During the court proceedings that followed, FBI agents testified about some of the darker claims they’d heard during the course of their investigation. They said a local farmer, Kenneth Coleman, had bragged about shooting three men while unloading planes full of drugs. He told the agents their bodies were buried in a slaughter pit at his farm.

When Coleman was arrested for drug trafficking, federal officials convinced local investigators to dredge the slaughter pit. While they found the carcasses of horses, cattle and hogs, investigators were unable to find human remains to match those claims.

Other parts of the FBI’s Colcor file also allude to murder. Agents tried to run down claims about a man involved in a drug deal who had been shot to death in a South Carolina hotel room, and another lead about a body found floating in Tampa Bay. Drdak also remembers a time a man offered to kill an informant for them when everyone still thought they worked for the mob.

Whether the suspects in this corruption scandal were simply talking a big game but never actually killed anyone, or whether they just did a good job hiding bodies and covering their tracks, we may never know. But no murder charges ever came out of the Colcor investigation.

Some convicted, some acquitted

While many of the suspects indicted pled guilty, not all of them did. A notable exception: State Senator RC Soles. Soles hired several prominent attorneys, including Joe Cheshire (who would go on to famously represent the Duke Lacrosse players facing fabricated rape charges). In 1983, Soles’ attorneys convinced a federal judge to dismiss three of the four charges brought against him in the Colcor sting, including vote buying, perjury and conspiracy.

US District Court Judge James Fox allowed a jury to decide the remaining charge: that Soles helped former Commissioner Ed Walton Williamson obtain payoffs from undercover agents. Soles was ultimately acquitted.

“He had a lot of money and he had good attorneys,” Drdak said when asked how he thought Soles escaped a conviction. “But when it comes to a trial and putting a politician on the stand, a lot of times the same charisma that they have that got them elected will help sway the jury on their behalf.”
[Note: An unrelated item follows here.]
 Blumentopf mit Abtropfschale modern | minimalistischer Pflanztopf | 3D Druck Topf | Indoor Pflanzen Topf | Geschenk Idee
Lt. Governor James C. Green was also acquitted on state charges for taking bribes, stemming from evidence collected in the FBI investigation. As witnessed in other FBI stings involving public corruption, politicians who were convicted following the Colcor sting managed to maintain support from their constituents.

“People that we convicted got reelected,” Drdak said. “They couldn’t take the position because they were felons, but people we convicted stayed on the ballot and won.”

According to published reports, Judge J. Wilton Hunt was convicted of accepting bribes, and using an interstate telephone call to facilitate an illegal gambling operation. He was sentenced to 14 years in federal prison. He was re-elected while under indictment but suspended from hearing cases, and later resigned.

Also convicted, Brunswick County Sheriff Herman Strong, for his role in a narcotics enterprise. A judge required him to resign from his post. He was also sentenced to 14 years in prison, but served less than four years.

The FBI also came under some scrutiny for the extent they went to to prove corruption of elected officials. While the liquor by the drink referendum that was pushed through by the undercover agents was ultimately invalidated, it did result in legislative action.

When asked if people in and around Columbus County showed appreciation for the work they did rooting out corruption there, Drdak said for the most part, no. But he does remember being thanked by members of law enforcement who were on the right side of the law. He said he thinks they were able to make a difference, at least in the short run, holding people accountable for their corruption.

As for the motive for so many local leaders to get wrapped up in such corruption, his answer was simple.

“It was greed,” Drdak said. “They saw... an easy way to make money.”